• [Short text fragments from websites]
--

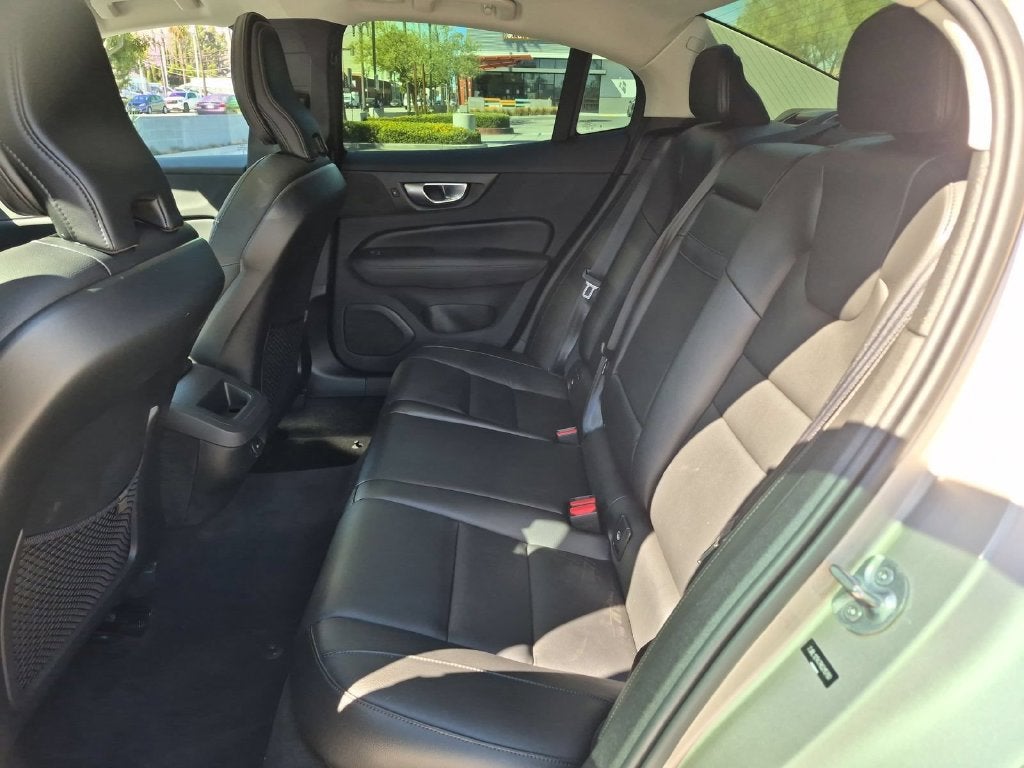 2024 Volvo S60 Core Dark Theme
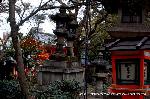 平清盛　縁の地をゆく その六　八坂神社 : 境内から西門をのぞくと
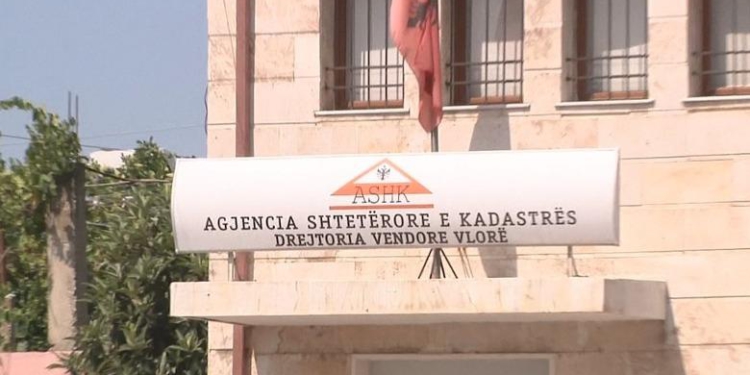 Tre oficerë të Policisë Gjyqësore ‘zbarkojnë’ në Kadastrën e Vlorës, hetojnë shitjen e shumëfishtë të disa apartamenteve në një pallat
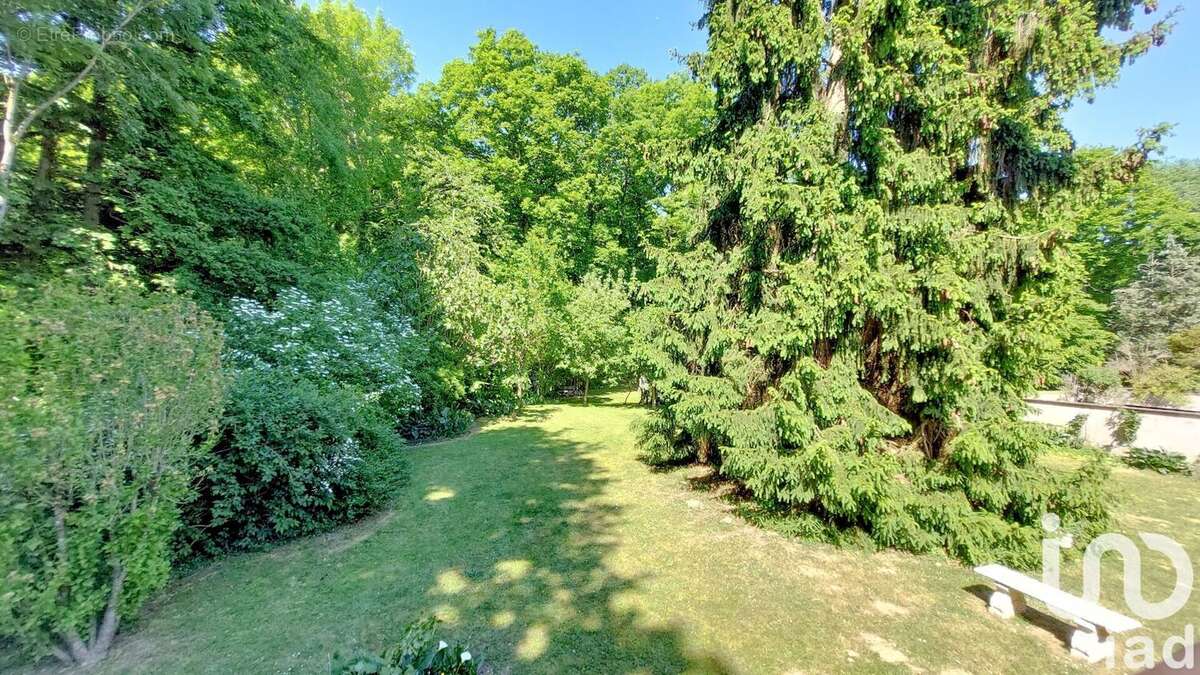 Photo 5 - Maison à LE MESNIL-SAINT-DENIS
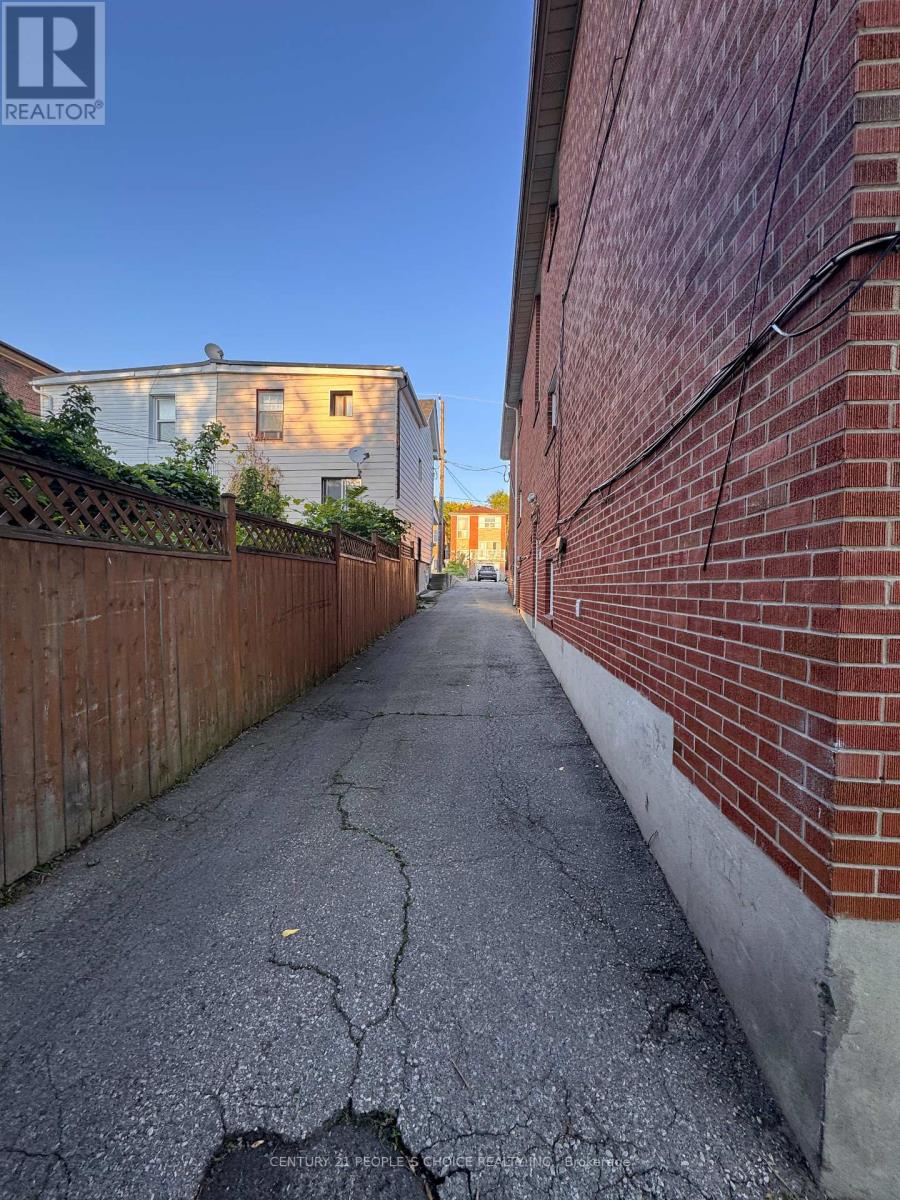 538 Caledonia Road, Toronto, Ontario  M6E 4V4 - Photo 11 - W12394806
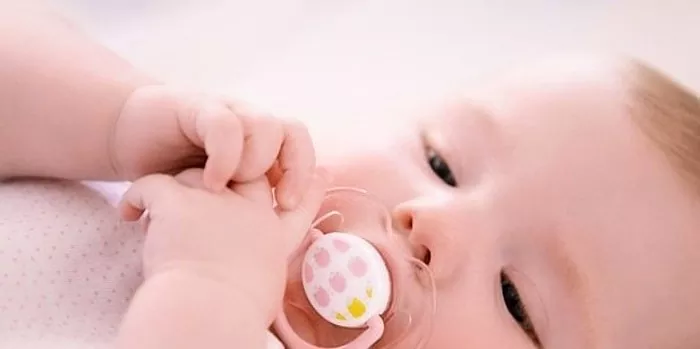 Com ensenyar a un bebè a mugró i s’hauria de fer?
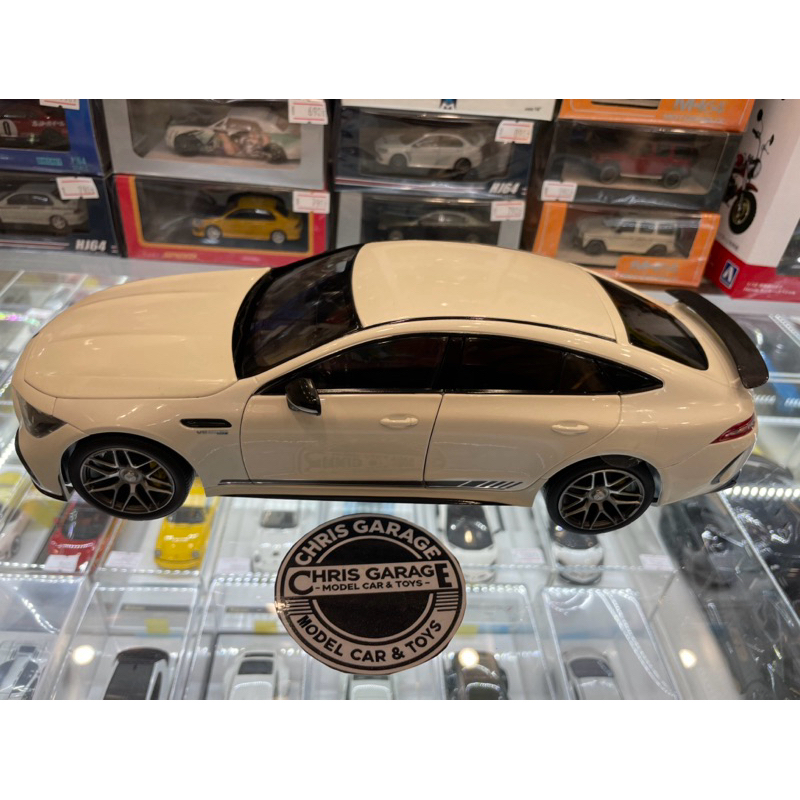 Norev modal 1/18 Benz GT63 white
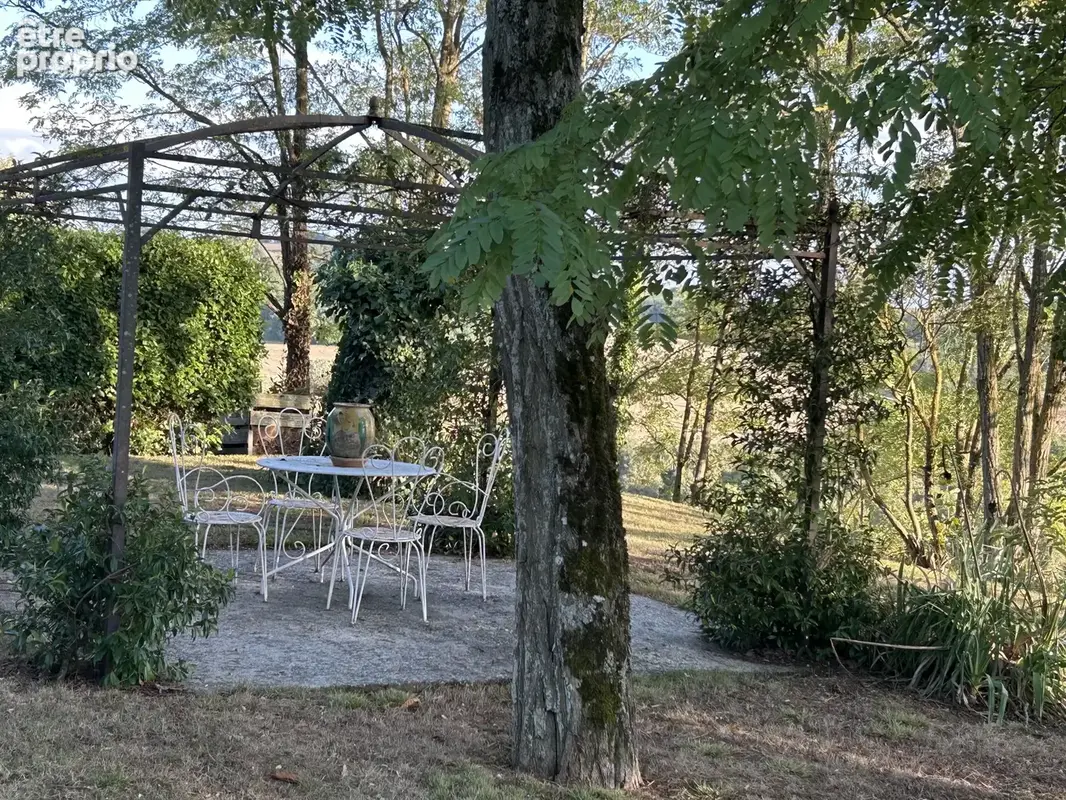 Maison pierre de 220 m2 avec terrain clos - photo 18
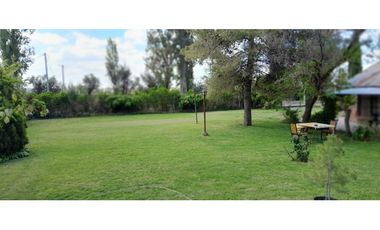 VENTA · CASA ·3 DOR 1.450 m2 · LUJAN CERCA De CHACRAS · NO APTO CÉDITO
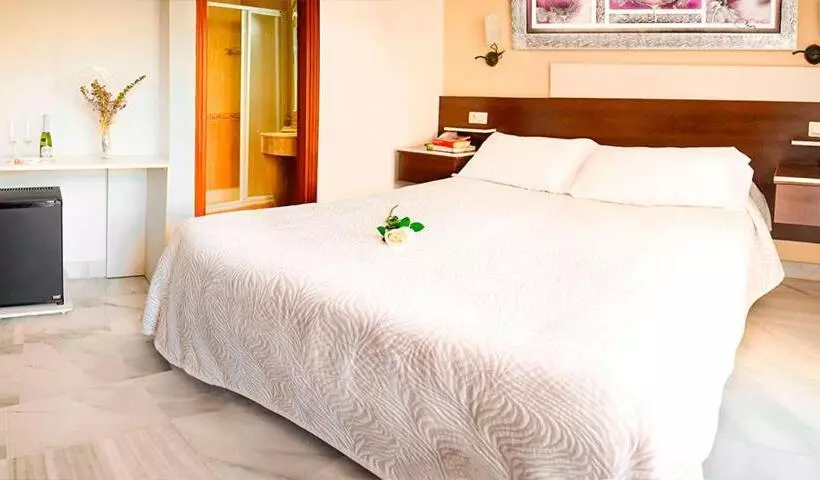 Hôtel (catégorie 1/2 *) Albero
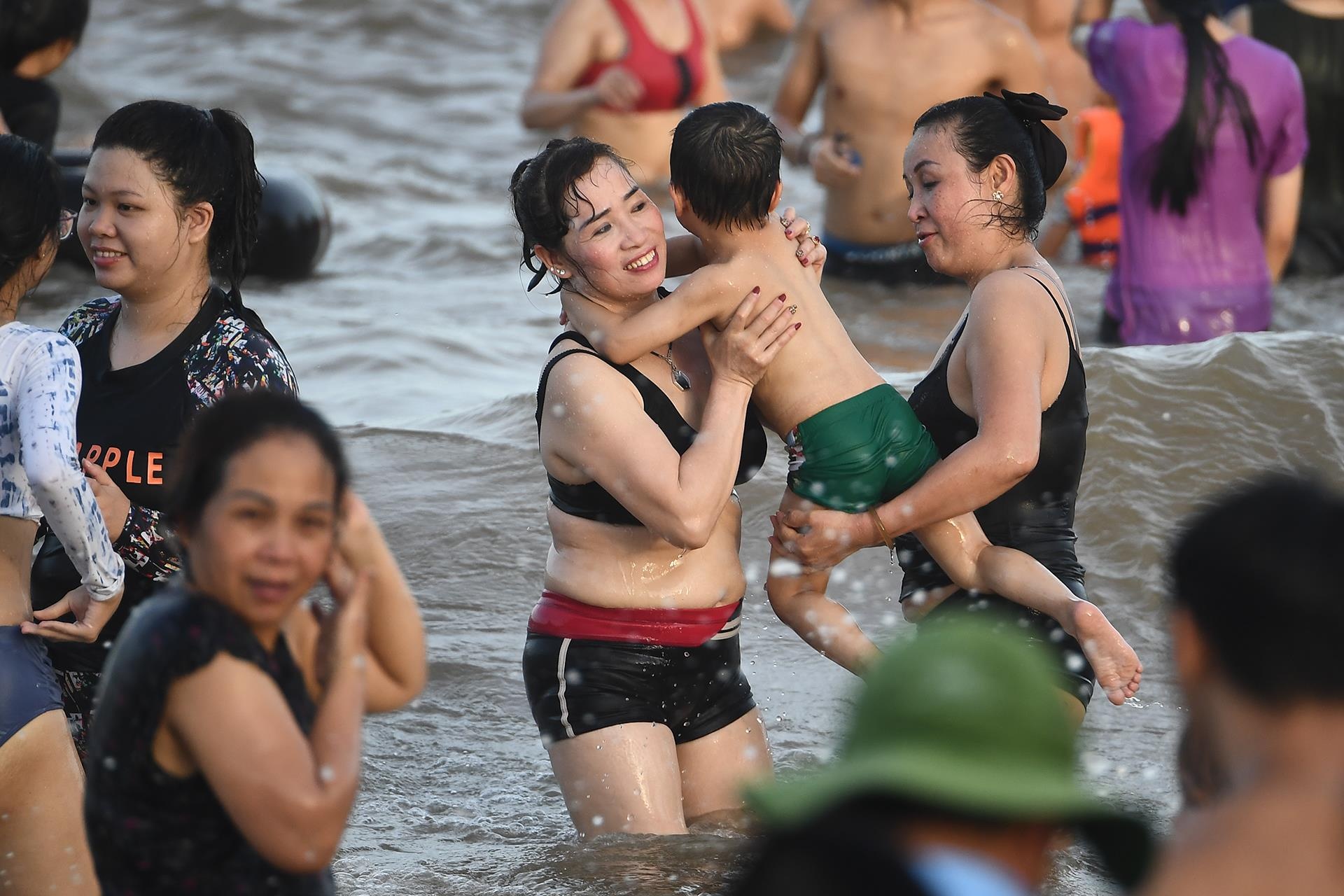 bien Sam Son dong nghet nguoi anh 7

--

• [Problem description]
Pictures stay out; the records above are otherwise reproduced exactly.

• [Solution for this problem]
 2024 Volvo S60 Core Dark Theme
 平清盛　縁の地をゆく その六　八坂神社 : 境内から西門をのぞくと
 Tre oficerë të Policisë Gjyqësore ‘zbarkojnë’ në Kadastrën e Vlorës, hetojnë shitjen e shumëfishtë të disa apartamenteve në një pallat
 Photo 5 - Maison à LE MESNIL-SAINT-DENIS
 538 Caledonia Road, Toronto, Ontario  M6E 4V4 - Photo 11 - W12394806
 Com ensenyar a un bebè a mugró i s’hauria de fer?
 Norev modal 1/18 Benz GT63 white
 Maison pierre de 220 m2 avec terrain clos - photo 18
 VENTA · CASA ·3 DOR 1.450 m2 · LUJAN CERCA De CHACRAS · NO APTO CÉDITO
 Hôtel (catégorie 1/2 *) Albero
 bien Sam Son dong nghet nguoi anh 7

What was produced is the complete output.